The parade of highly sophisticated technologies from Wyss and Vanderbilt that followed has the potential to truly revolutionize medicine through the way we discover and validate lead drugs and evaluate diseases. Both groups have remarkable platforms that mimic in vivo physiologies including multi-tissue perfusion systems incorporating sheer and strain that mimic natural organ environments with good precision. It’s amazing what a strategic $200M investment can accomplish.
The final speaker, Dr. Kram from the US FDA, served up some cold water to douse the bravado, however. While sharing that he does believe ultimately that animals can be replaced in preclinical drug development, he reminded folks that safety is the prime issue for the US FDA, and until these technologies can prove to be equivalent or better than what is currently used, then he doesn’t see the implementation. When asked by an audience member who should be the entity to provide that proof, he said it’s up to the pharmaceutical industry. My question is: does the pharmaceutical industry know this?

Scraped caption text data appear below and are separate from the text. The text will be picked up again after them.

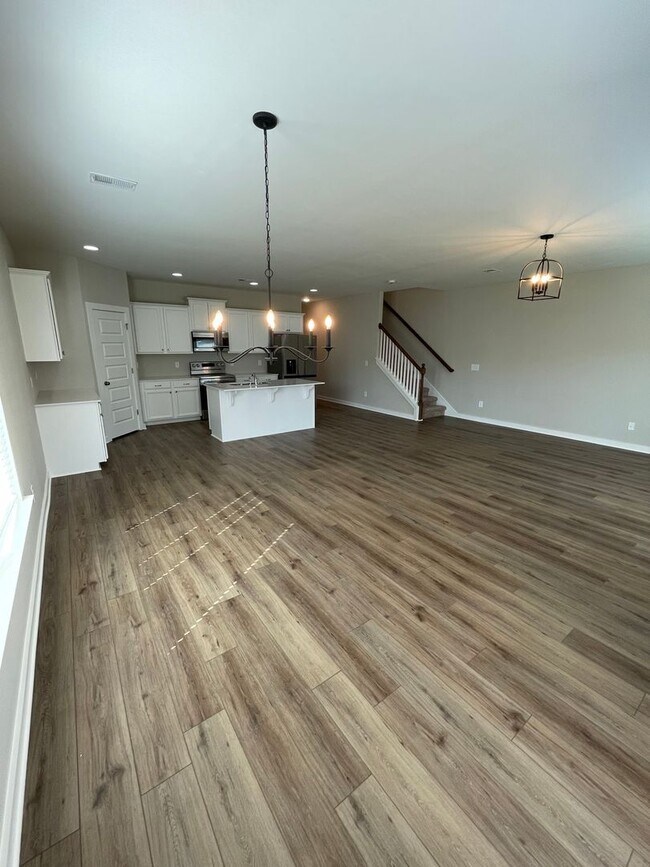 Building Photo - 282 Shiloh Creek Dr
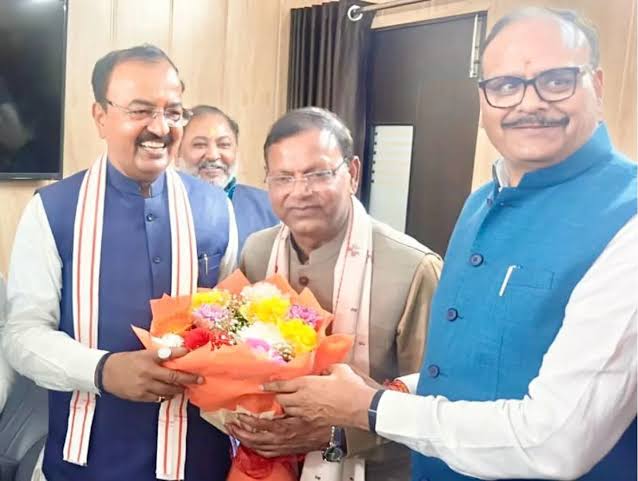 Awesh Tiwari tweet media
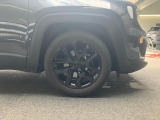 限定車の純正ホイールになります。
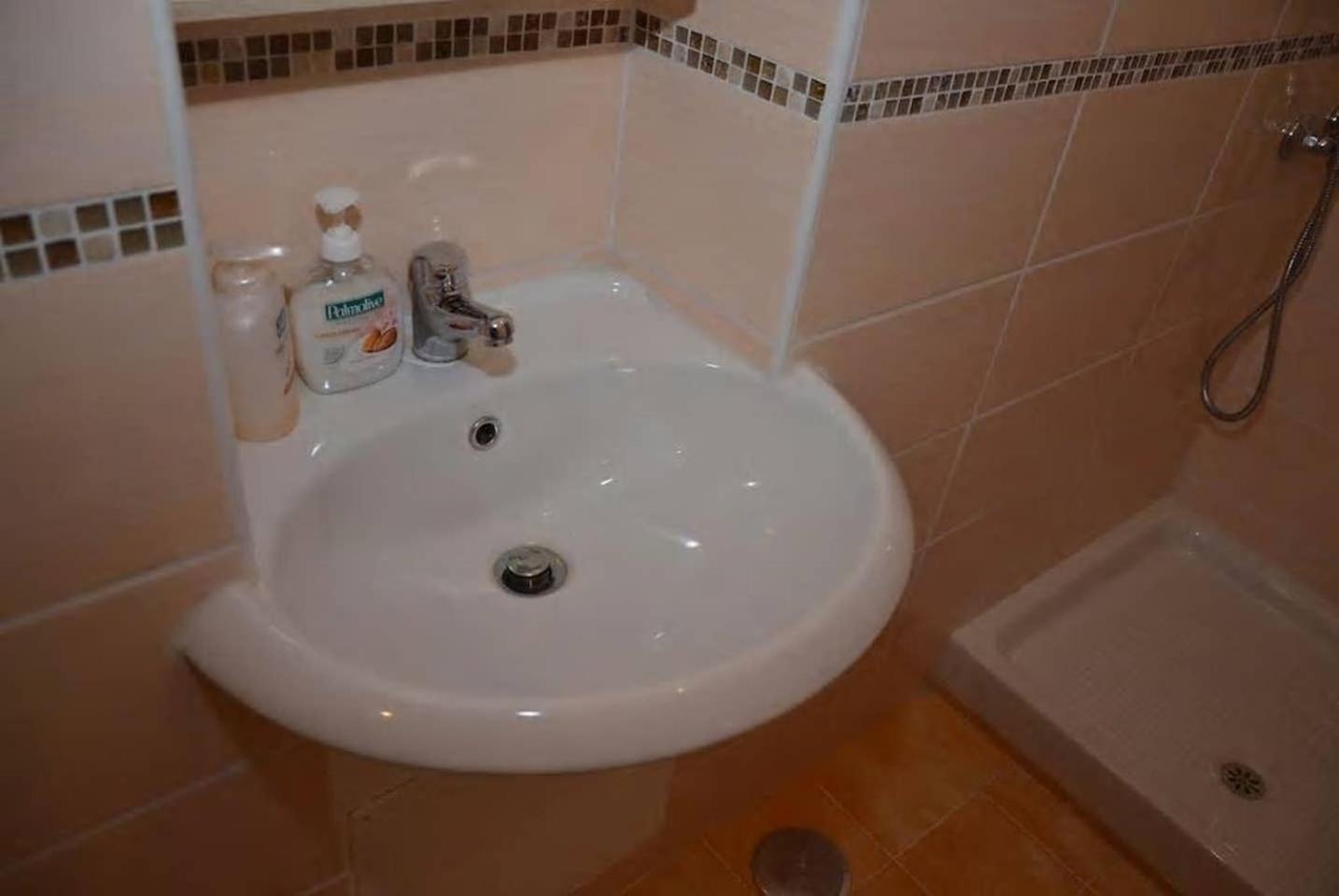 One-Bedroom House - Photo 2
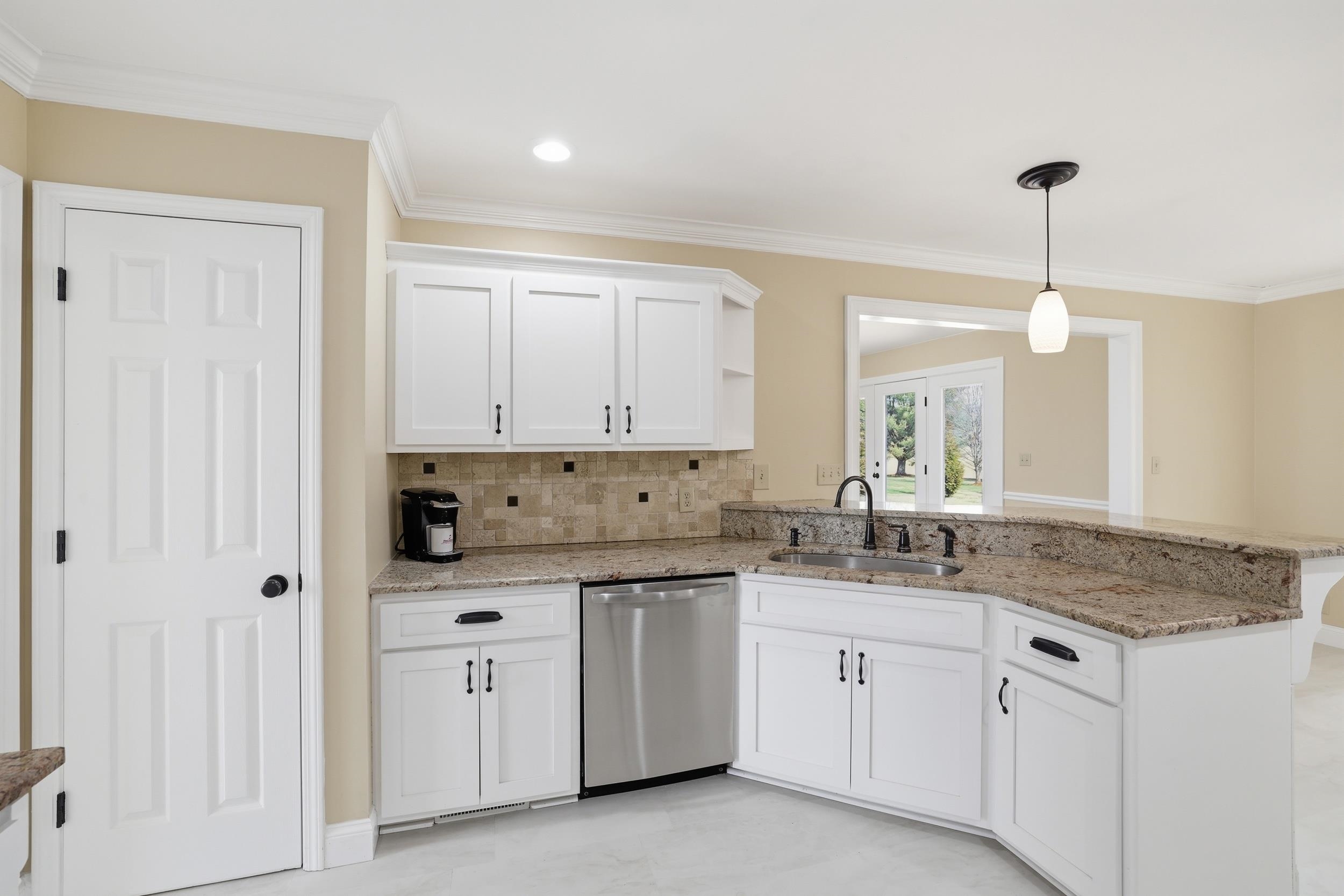 1327 Falcons Drive Walhalla, SC 29691 - Photo 18 of 42 Kitchen
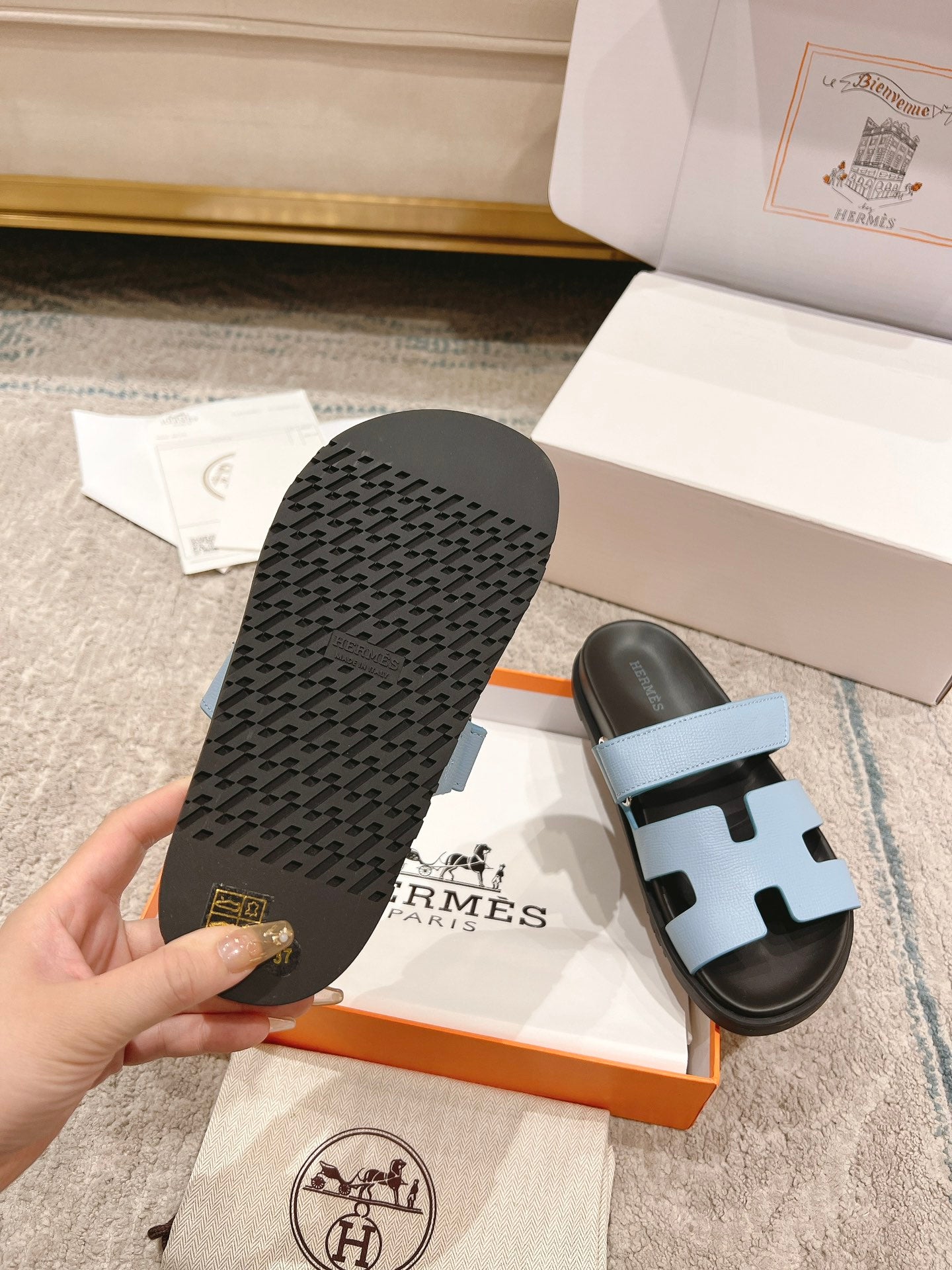 LuxluxHouse Best Quality Sandals Hermes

Ultimately, I think US DARPA will get what it wants from these huge efforts, which are new ways to test antidotes to chemical warfare agents in human tissues in vitro. But it remains to be seen whether other industries are really incentivized enough to embrace any of the benefits. This is especially true if US FDA is waiting for the pharmaceutical and biotech industries to validate these technologies and yet are not making an effort to directly engage them in the process. Until then, the broader community of researchers and industries will most certainly enjoy the fancy light show that emits from these new technologies and continue to hope that one day they will get used for real commercial applications.